Search code examples
ocrtesseractapache-tika

How do I force tika server to exclude the TesseractOCRParser using curl


I'm running tika-server-1.23.jar with tesseract and extracting text from files using curl via php. Sometimes it takes too long to run with OCR so I'd like, occasionally, to exclude running tesseract.
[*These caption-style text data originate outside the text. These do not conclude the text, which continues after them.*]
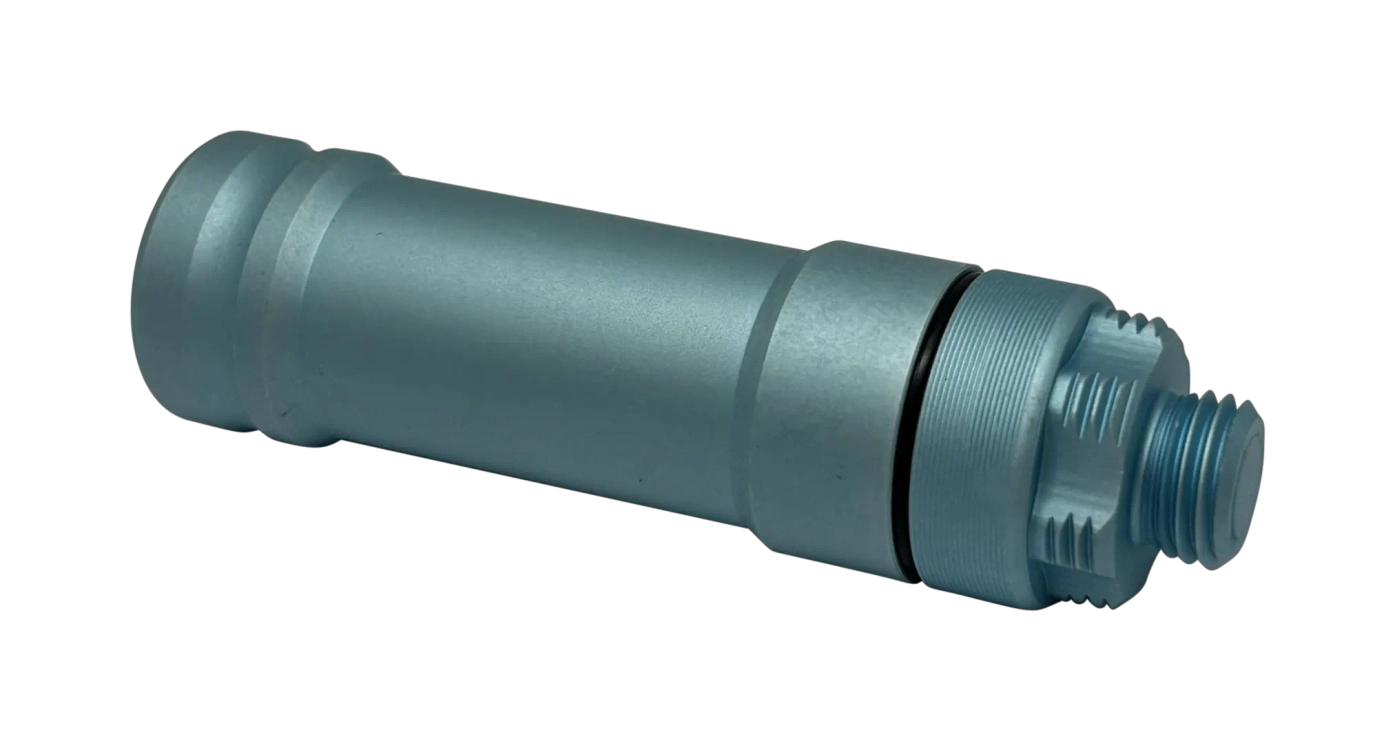 ערכת מיני לתיקון צמיג טיובלס בצבע תכלת עם אפשרות הברגה למתן CO2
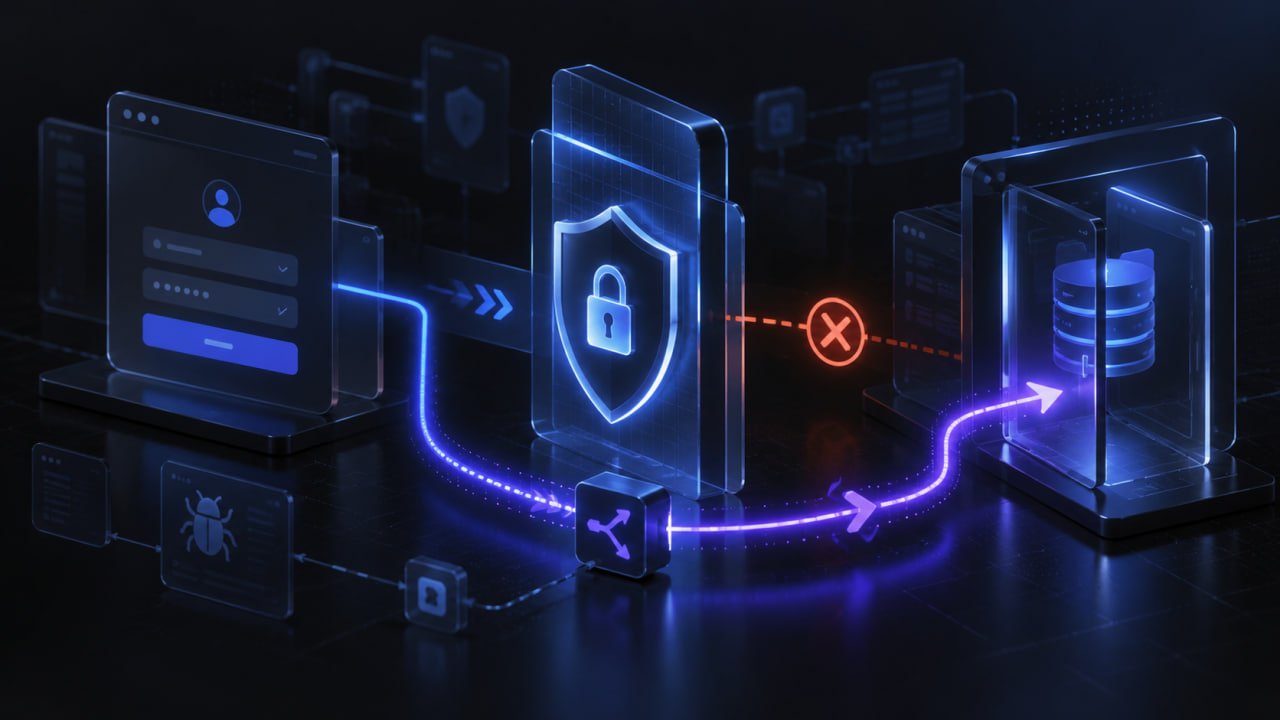 Authentication security barrier and protected database
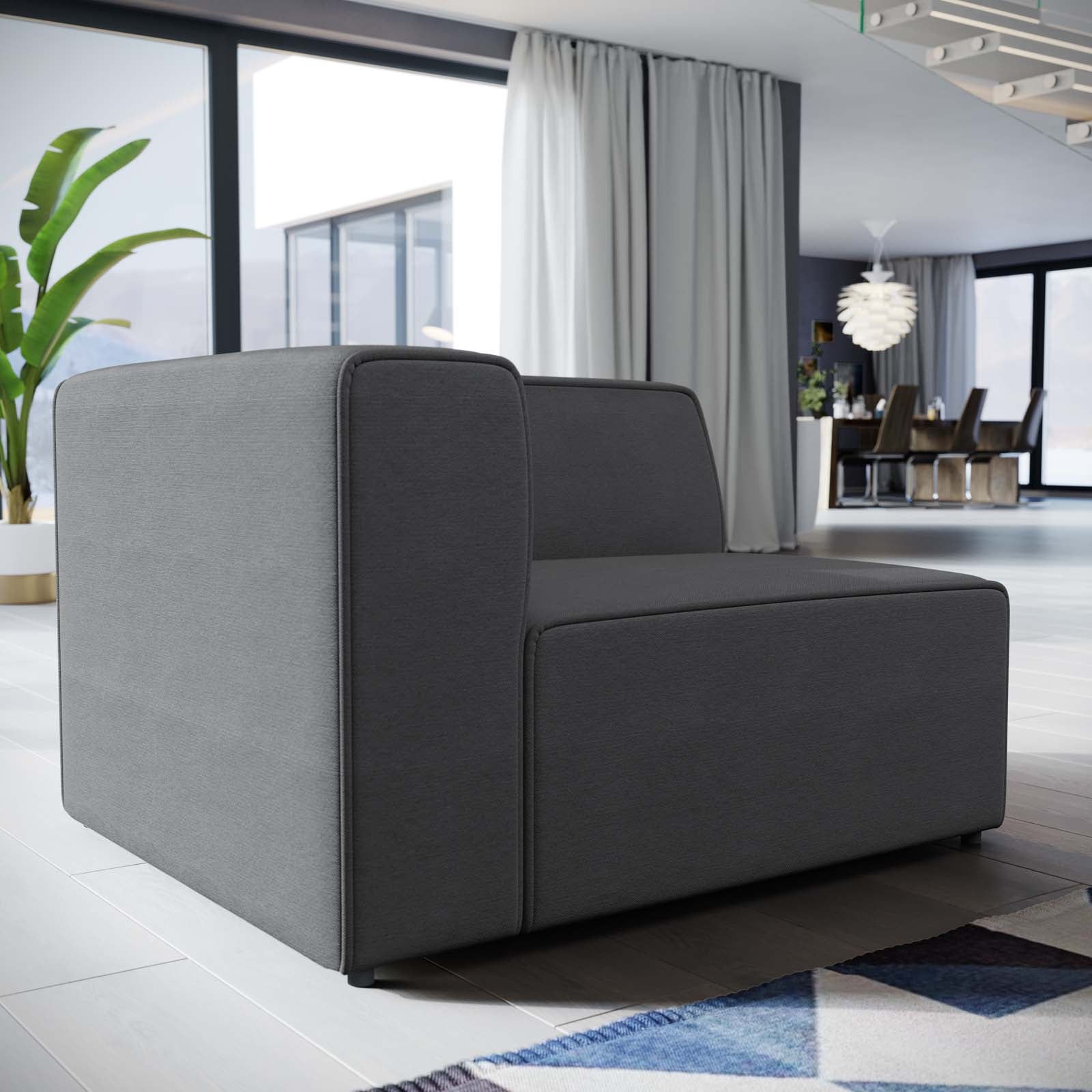 Mingle Fabric Left-Facing Sofa by Modway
I can do this by inserting

<parser-exclude class="org.apache.tika.parser.ocr.TesseractOCRParser"/>

in the tika config xml file but this means it never runs tesseract.
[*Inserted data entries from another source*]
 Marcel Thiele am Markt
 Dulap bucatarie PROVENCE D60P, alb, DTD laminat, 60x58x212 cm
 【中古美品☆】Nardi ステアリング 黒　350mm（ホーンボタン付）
Can I force the tika server to skip using tesseract selectively at each request via curl and, if so, how?

I've got a workaround where I'm running two instances of the tika server each with a different config file listening on different ports but this is sub-optimal.

Thanks in advance.


Solution

  • You can set the OCR strategy using headers for PDF files, which includes an option not to OCR:

    curl -T test.pdf http://localhost:9998/tika --header "X-Tika-PDFOcrStrategy: no_ocr"
    

    There isn't really an equivalent for other file types, but there is a similar header prefix call X-Tika-OCR that allows you to set configuration on the TesseractOCRConfig instance when used on any file type.
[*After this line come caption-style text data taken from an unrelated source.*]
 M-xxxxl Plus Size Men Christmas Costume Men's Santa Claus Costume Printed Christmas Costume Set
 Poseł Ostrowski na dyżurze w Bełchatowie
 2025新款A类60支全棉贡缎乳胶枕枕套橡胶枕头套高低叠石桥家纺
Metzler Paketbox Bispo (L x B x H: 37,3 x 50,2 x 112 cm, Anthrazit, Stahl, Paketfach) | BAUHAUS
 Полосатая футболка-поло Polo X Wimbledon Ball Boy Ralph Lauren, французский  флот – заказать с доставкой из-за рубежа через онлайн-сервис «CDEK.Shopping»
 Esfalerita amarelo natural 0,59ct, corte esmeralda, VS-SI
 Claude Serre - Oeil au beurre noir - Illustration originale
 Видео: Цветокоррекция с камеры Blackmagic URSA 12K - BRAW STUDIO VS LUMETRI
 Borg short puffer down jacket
    You have some options which could be of interest in your scenario:

    • maxFileSizeToOcr - which you could set to 0
    • timeout - which you could set to the timeout you are willing to give
    • tesseractPath - which you can set to anything, as if it can't find it, it can't execute

    So, for example, if you want to skip a file you could set the max file size to 0 which means it will not be processed:

    curl -T testOCR.jpg http://localhost:9998/tika  --header "X-Tika-OCRmaxFileSizeToOcr: 0"
    

    Or set the path to /dummy:

    curl -T testOCR.jpg http://localhost:9998/tika  --header "X-Tika-OCRtesseractPath: /dummy"
    

    You can of course also use these headers with PDF files too, should you wish.